AMY AND HER AMYGDALA

The brain is central to our existence. Trading is a biologically driven process. It has physiological components.

What Amy went through is a neurological process of a physical response to a perceived threat. Amy and all of us have two Amygdala (plural Amygdalae) one on each side of our brain. If you draw a line through your eyes and your ears, the Amygdala sits where these lines cross on each side of your brain. it is part of what we call the Mid-brain. It gets its information from your senses. You do not want to upset your Amygdala. In fact, you need to keep it calm when you are trading. It’s a little child who gets upset when you are risking your hard-earned money because it wants you to be safe.

What happened with Amy is that her Amygdala eventually perceived it dangerous and unsafe to trade and through a series of neurological pathways in the brain, it sent her body into a fight or flight response as a result of which the blood supply to the Prefrontal Cortex or the thinking and intelligent part of the brain was cut off. The response is because of an association of the sensory stimuli to an event that happened in the past- Pavlovian associations and conditioning. Every decision in this state is an emotional response. Trading at this level feels like being under attack.

Remember? She checks her email and finds that the market analyst has also reversed the market direction in his short term analysis but maintains the long term forecast.

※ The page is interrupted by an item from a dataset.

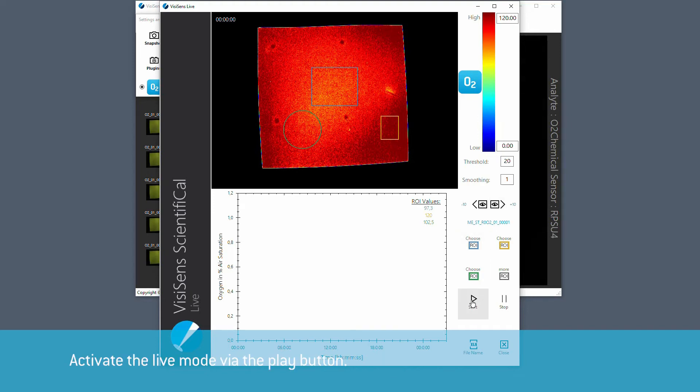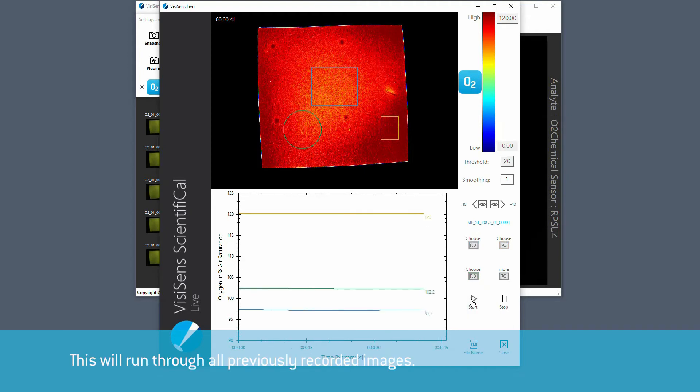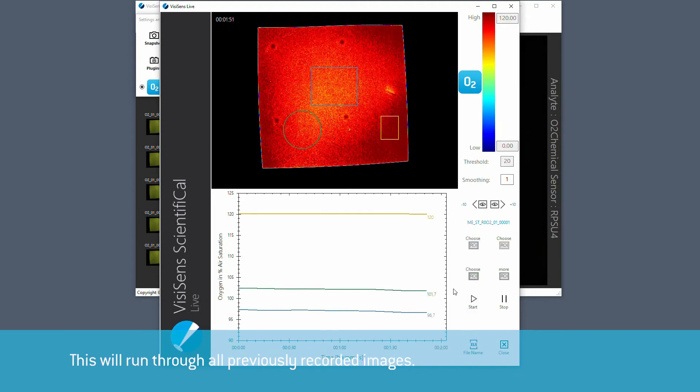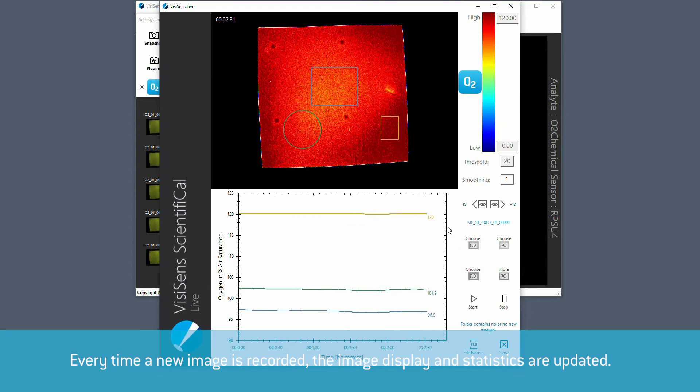Activate the live mode via the play button. This will run through all previously recorded images and every time a new image is recorded, the image display and statistics are updated.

The Amygdala is not the thinking part of the brain. It is responsible for memory, fear, and emotions. Its function is survival. It is not bad in any sense. It is useful. You just have to know-how to keep it calm.

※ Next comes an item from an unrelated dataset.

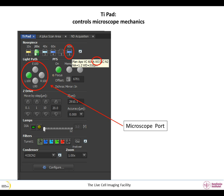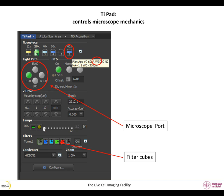In the TI Pad tab, you can see the microscope port to which the light goes. This is set automatically by the software. E100 means 100% of the light goes to the eyepiece. L100 means 100% of the light goes to the confocal port. R100 means 100% of the light goes to the camera port, if the microscope is equipped with a camera. The TI Pad also allows you to change filter cubes if you are looking at fluorescence in the eyepiece.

The Prefrontal Cortex is the thinking part of the brain. In this state of perception of losing too much, the thinking process or the logical reasoning was gone and long term forecast was totally ignored. In fact, no forecast or analysis with this state of mind will ever matter. In Amy’s case, by the time she took the third third, the blood supply to the Prefrontal Cortex was already cutoff and trade was taken at an unconscious level in a state of fight or flight.

Let’s discuss the role of the prefrontal cortex. We have more brain matter in the prefrontal cortex than any other species. It is the executive behavior regulator. It is nearest to the superego. It is that part of the brain which says I wouldn’t do it if I were you. It keeps us constrained. Some prefrontal cortex tasks we have mastered since childhood are getting potty trained, riding a bicycle, driving a car. It is not fully developed until the age of 25. Learning to read the market is a prefrontal cortex function.

The brain learns to trade the markets by developing neural pathways. When you learn and trade economic news or a technical indicator, the brain will eventually form connections. The more pathways you will create, the more you will be destined to trade in a certain way. The question will be is your way to trading creating profits or losses?

If you have been a consistent loser for the past year or more, you are trading from fear. If you are not relaxed while trading, you will be in a state of fight or flight. You can relate to Amy at a physiological and neurological trading level.